# Need A New Camera



## bowie (Mar 12, 2005)

I am on the hunt for a new compact camera,would like a long zoom optical view finder was looking at the lumix tz60,but not very good in low light can anybody on here tell me if this will be better http://www.panasonic.com/uk/consumer/cameras-camcorders/lumix-digital-cameras---point-and-shoot/superzoom-cameras/dmc-tz70.html or is there any other I should be looking at cheers bowie.


----------



## Odo (Mar 22, 2009)

Hi, there are very few superzoom cameras with a viewfinder, especially compact style ones. If you need a superzoom camera with a viewfinder then the bridge style may be a better option, although they are physically bigger.

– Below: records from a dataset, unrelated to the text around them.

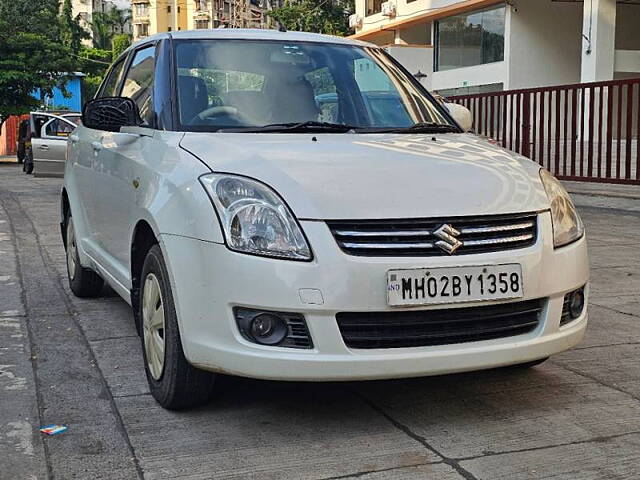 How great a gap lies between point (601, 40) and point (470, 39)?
8.95 metres

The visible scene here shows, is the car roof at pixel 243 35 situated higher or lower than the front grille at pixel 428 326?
higher

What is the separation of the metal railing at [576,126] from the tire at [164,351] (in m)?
9.88

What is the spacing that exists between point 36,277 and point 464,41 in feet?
90.4

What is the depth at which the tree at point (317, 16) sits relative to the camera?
156ft

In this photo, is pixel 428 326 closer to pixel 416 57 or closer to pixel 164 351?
pixel 164 351

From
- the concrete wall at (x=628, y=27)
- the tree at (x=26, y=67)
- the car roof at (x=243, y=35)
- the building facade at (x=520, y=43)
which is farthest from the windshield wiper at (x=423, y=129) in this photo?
the tree at (x=26, y=67)

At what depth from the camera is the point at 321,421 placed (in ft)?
11.6

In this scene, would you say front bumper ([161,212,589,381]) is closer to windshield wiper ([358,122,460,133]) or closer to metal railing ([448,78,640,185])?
windshield wiper ([358,122,460,133])

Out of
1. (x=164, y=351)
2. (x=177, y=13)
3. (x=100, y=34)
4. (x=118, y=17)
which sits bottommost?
(x=164, y=351)

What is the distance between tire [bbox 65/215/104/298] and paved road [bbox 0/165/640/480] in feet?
2.91

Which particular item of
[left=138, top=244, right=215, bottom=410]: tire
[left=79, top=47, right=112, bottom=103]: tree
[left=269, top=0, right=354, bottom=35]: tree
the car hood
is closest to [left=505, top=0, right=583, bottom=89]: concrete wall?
[left=269, top=0, right=354, bottom=35]: tree

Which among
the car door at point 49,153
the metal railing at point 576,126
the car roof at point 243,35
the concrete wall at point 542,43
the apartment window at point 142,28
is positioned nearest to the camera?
the car roof at point 243,35

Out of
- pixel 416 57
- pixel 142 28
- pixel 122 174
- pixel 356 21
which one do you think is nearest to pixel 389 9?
pixel 356 21

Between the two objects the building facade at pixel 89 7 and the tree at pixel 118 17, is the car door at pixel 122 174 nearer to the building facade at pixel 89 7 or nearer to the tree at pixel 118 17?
the tree at pixel 118 17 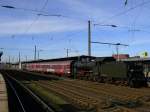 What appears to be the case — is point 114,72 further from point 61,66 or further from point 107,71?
point 61,66

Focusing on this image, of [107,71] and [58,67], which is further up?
[58,67]

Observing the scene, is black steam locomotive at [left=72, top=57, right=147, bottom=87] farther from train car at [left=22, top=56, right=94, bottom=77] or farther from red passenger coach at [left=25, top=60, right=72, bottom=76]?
red passenger coach at [left=25, top=60, right=72, bottom=76]

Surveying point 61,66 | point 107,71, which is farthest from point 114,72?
point 61,66

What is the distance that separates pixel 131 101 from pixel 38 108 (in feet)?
20.8

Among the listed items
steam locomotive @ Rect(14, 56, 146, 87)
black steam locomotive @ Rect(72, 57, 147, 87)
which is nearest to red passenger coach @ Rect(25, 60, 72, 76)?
steam locomotive @ Rect(14, 56, 146, 87)

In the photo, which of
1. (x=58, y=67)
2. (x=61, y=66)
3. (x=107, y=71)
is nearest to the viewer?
(x=107, y=71)

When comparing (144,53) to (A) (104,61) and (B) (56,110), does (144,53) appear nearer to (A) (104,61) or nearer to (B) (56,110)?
(A) (104,61)

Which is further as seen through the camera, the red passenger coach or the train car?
the red passenger coach

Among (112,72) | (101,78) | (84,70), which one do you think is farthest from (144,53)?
(112,72)

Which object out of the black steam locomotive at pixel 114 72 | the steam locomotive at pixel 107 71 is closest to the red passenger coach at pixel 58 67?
the steam locomotive at pixel 107 71

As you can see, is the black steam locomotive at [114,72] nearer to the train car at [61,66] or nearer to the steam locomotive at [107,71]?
the steam locomotive at [107,71]

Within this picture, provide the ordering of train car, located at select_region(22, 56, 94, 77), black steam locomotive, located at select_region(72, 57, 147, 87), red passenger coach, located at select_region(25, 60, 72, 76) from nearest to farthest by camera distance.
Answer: black steam locomotive, located at select_region(72, 57, 147, 87) < train car, located at select_region(22, 56, 94, 77) < red passenger coach, located at select_region(25, 60, 72, 76)

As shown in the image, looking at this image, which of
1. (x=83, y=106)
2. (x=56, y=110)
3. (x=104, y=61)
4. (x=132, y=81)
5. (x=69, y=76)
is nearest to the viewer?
(x=56, y=110)

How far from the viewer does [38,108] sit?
2198 cm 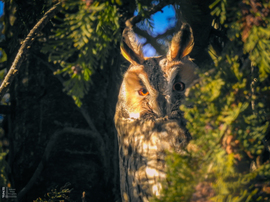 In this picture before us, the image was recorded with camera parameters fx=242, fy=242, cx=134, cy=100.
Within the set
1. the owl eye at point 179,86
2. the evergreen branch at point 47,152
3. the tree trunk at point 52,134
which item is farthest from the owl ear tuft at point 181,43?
the evergreen branch at point 47,152

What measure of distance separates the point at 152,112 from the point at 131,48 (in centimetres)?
43

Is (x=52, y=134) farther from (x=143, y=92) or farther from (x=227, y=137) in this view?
(x=227, y=137)

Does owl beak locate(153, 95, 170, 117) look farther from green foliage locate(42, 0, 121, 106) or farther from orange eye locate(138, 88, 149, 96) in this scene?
green foliage locate(42, 0, 121, 106)

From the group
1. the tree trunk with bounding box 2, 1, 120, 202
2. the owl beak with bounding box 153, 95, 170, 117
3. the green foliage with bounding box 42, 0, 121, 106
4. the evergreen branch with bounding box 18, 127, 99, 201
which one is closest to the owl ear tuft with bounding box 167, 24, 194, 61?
the owl beak with bounding box 153, 95, 170, 117

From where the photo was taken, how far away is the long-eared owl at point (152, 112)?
144 cm

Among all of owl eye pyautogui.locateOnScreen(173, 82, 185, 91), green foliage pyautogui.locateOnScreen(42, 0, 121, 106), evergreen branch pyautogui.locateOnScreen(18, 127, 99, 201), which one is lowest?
evergreen branch pyautogui.locateOnScreen(18, 127, 99, 201)

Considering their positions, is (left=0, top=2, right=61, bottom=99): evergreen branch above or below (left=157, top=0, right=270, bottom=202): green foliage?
above

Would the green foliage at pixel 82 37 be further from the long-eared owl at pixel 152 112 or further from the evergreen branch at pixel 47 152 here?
the evergreen branch at pixel 47 152

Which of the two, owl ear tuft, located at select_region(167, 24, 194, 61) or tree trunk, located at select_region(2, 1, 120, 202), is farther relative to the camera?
tree trunk, located at select_region(2, 1, 120, 202)

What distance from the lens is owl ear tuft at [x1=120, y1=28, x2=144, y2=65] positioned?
1.50 meters

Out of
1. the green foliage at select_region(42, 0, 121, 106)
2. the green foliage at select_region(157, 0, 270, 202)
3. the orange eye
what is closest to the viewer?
the green foliage at select_region(157, 0, 270, 202)

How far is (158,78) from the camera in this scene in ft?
4.87

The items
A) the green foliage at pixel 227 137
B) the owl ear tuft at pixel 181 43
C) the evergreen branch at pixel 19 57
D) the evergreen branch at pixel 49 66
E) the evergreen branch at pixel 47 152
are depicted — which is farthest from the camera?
the evergreen branch at pixel 49 66

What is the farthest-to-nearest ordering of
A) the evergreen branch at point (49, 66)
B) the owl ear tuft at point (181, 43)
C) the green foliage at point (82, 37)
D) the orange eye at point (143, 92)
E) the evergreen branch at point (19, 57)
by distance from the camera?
the evergreen branch at point (49, 66) < the orange eye at point (143, 92) < the owl ear tuft at point (181, 43) < the evergreen branch at point (19, 57) < the green foliage at point (82, 37)
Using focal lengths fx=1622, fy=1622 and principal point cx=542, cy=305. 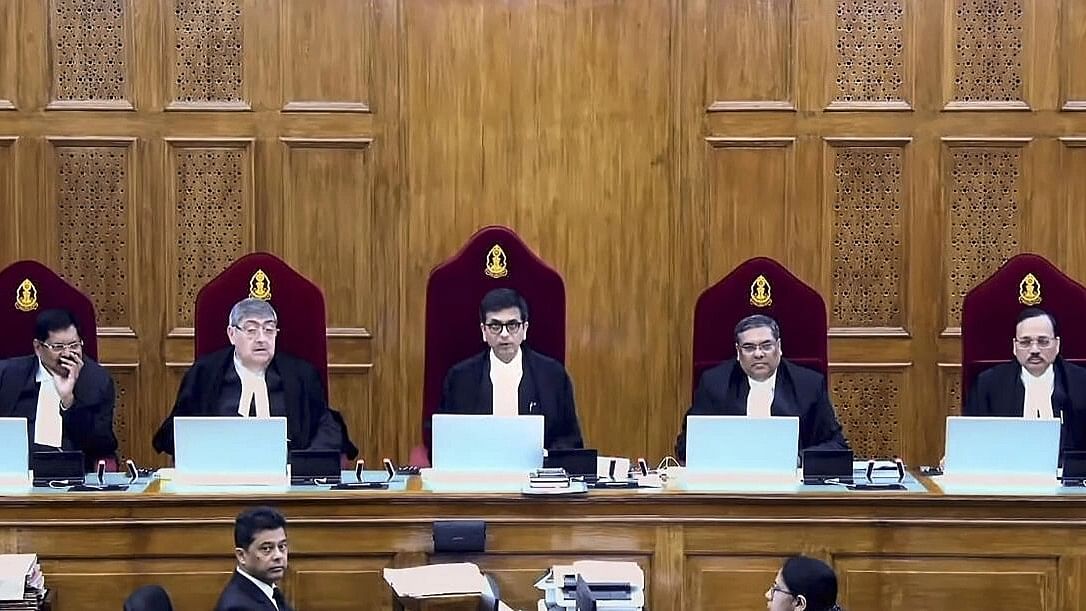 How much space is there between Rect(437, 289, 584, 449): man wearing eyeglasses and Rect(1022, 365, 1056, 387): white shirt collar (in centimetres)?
145

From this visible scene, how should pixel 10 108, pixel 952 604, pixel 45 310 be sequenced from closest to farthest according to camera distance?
pixel 952 604 → pixel 45 310 → pixel 10 108

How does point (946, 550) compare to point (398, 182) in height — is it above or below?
below

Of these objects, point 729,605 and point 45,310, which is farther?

That Panasonic looks very good but it isn't cheap, you can pick up an older model Nikon, Canon or Panasonic for a great deal less if you can live without a viewfinder.

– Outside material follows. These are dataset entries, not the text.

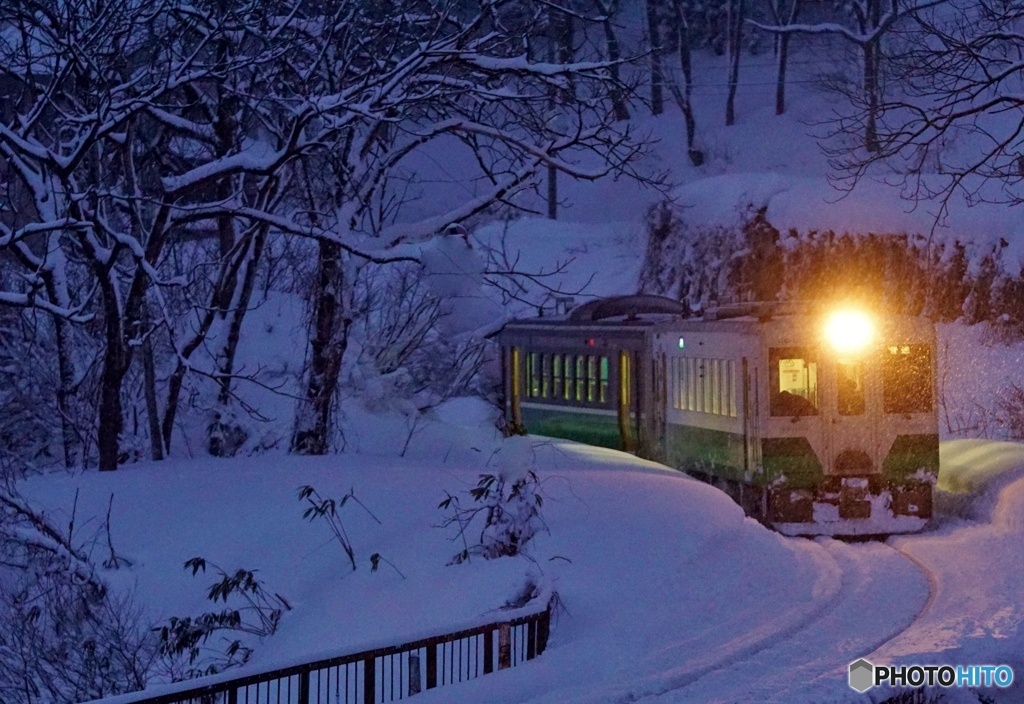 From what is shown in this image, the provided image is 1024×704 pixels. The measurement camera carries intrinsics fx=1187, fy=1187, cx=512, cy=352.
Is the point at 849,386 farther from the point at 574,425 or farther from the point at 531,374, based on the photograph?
the point at 531,374

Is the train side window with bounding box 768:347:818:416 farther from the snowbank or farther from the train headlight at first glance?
the snowbank

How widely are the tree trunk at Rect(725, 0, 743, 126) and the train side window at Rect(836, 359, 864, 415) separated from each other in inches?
1456

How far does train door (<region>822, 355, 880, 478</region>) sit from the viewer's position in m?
15.8

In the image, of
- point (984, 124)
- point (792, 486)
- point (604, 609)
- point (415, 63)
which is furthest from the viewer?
point (984, 124)

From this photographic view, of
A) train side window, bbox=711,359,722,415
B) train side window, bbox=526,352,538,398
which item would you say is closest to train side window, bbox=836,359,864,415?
train side window, bbox=711,359,722,415

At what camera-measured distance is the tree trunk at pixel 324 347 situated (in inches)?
629

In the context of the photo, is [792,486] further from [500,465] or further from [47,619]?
[47,619]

I have a Nikon 9100 something that I bought very cheaply as it was a few years old, it has been excellent, much better than I thought for a compact superzoom.


----------



## bowie (Mar 12, 2005)

Odo said:


> Hi, there are very few superzoom cameras with a viewfinder, especially compact style ones. If you need a superzoom camera with a viewfinder then the bridge style may be a better option, although they are physically bigger.
> 
> That Panasonic looks very good but it isn't cheap, you can pick up an older model Nikon, Canon or Panasonic for a great deal less if you can live without a viewfinder.
> 
> I have a Nikon 9100 something that I bought very cheaply as it was a few years old, it has been excellent, much better than I thought for a compact superzoom.


thanks for the reply I have a Fujifilm FinePix HS30EXR bridge but would like something smaller for holiday need view finder for bright sun


----------



## bowie (Mar 12, 2005)

I have a hs20 not a 30 from the memory man

 :lol:


----------